Эрвин тронул пальцем беспокоящее место и влил каплю сiлы, впрочем, не для того, чтобы уменьшить неприятные ощущения, а чтобы скорее вернуться в форму — пора бы уже размяться, но пока не живут все открытые ранения, этого делать не стоило. Просто он опять чувствовал себя человеком!
Утихающая боль в избитом теле, впечатления от общения с новыми и старыми знакомыми и предвкушение предстоящей работы давали энергию, будили жажду жизни, и Эрвин, как никогда, чувствовал, что жив. И это было восхитительное ощущение! Он лежал и улыбался, ощущая, как работает сiла в организме и как мелкими пузырьками бурлит радость, потребность в движении и желание куда-то бежать, что-то делать…
Острый слух охранителя уловил звук тихих шагов по ответвлению Корней, ведущему к его камере. Это явно была не нахальная девица, а кто-то более крупный, хоть пористый пол и сильно глушил звуки, мешая оценить незваного гостя. Эрвин не стал подниматься, а сделал вид, что вывернувшая из-за поворота фигура была для него неожиданностью. В сумраке Корней прорисовались огромный рост и широкие плечи. Точно — тот здоровяк, что притащил его сюда.
Мужчина подошел и замер перед сетью, высматривая за ней пленника. Глаза прищурены, фигура напряжена, а в руке — бумаги.

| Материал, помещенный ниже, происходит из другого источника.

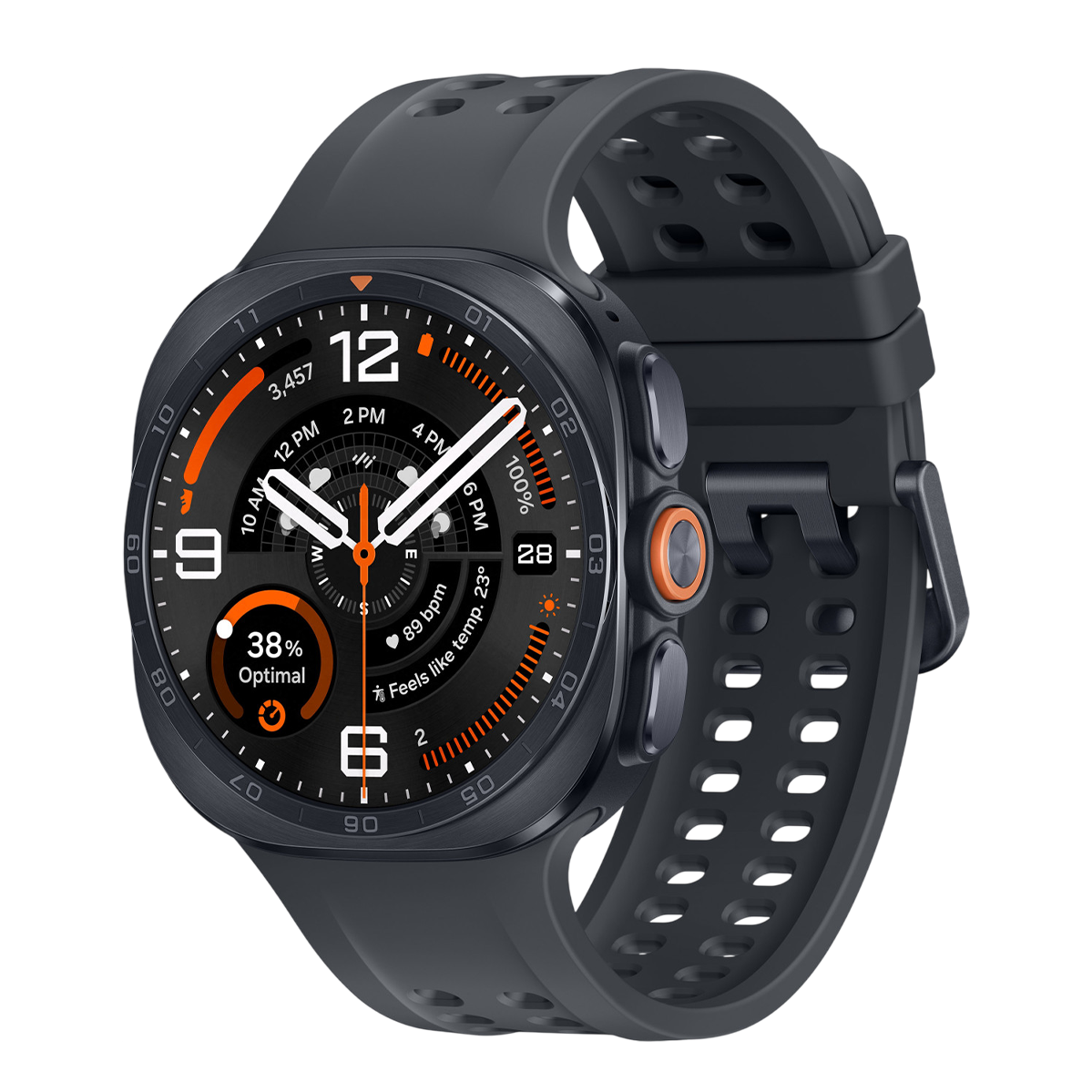 Смарт-часы Samsung Galaxy Watch Ultra2 Titanium Grey 47mm LTE with Black Marine Band - S/M/L (SM-L715FZKA)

— Что, пришел проверить не сдох ли я?
Арта под пальцами перетекла из расслабленной позы в напружиненную и готовую к атаке, но, умница, без единого звука. Вот за что Эрвин уважал породу кошачьих и всегда у них учился, так это за тихую боевую готовность в любую секунду, из любого состояния и положения.
Но вопрос остался без ответа — посетитель только скривился и молча попытался запихнуть желтоватые листки в ячейку сети прямо на уровне своих глаз.

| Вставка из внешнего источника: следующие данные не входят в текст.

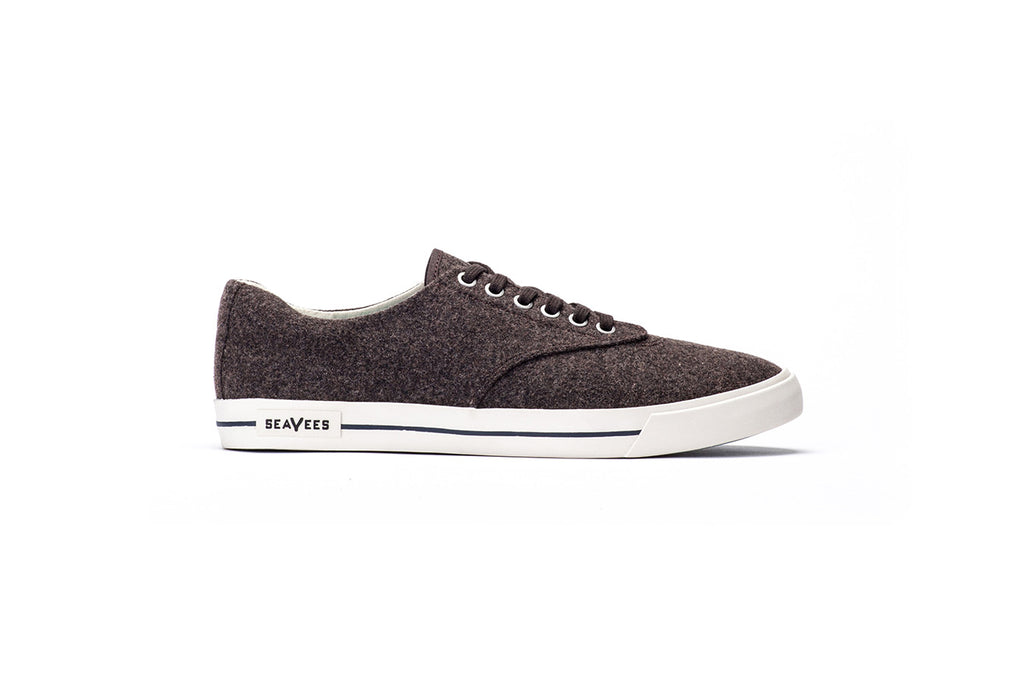 SeaVees + Grayers Limited Edition Hermosa Sneaker Varsity - Dark Earth Wool-Grayers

— Ой, это какая-то детская игра? — снова попытался подковырнуть его Эрвин, не двигаясь с места и ощущая, как Арта чуть перебирает лапами, готовая атаковать. Прижал её ладонью к полу — спокойнее, угрозы нет. Тело хищника замерло, хотя и не расслабилось.
Здоровяк зыркнул с неприкрытой злостью, но снова промолчал, продолжая запихивать сквозь сеть слишком большой для ячейки в этом месте рулончик.
— Ты приглашаешь меня на свиданье? Но зачем? — Эрвин рассчитывал повеселиться, но парень оказался крут: тонкие волокнистые бумажки, не влезая в маленькое отверстие, мялись и рвались, и он злобно плюнул и бросил их на пол.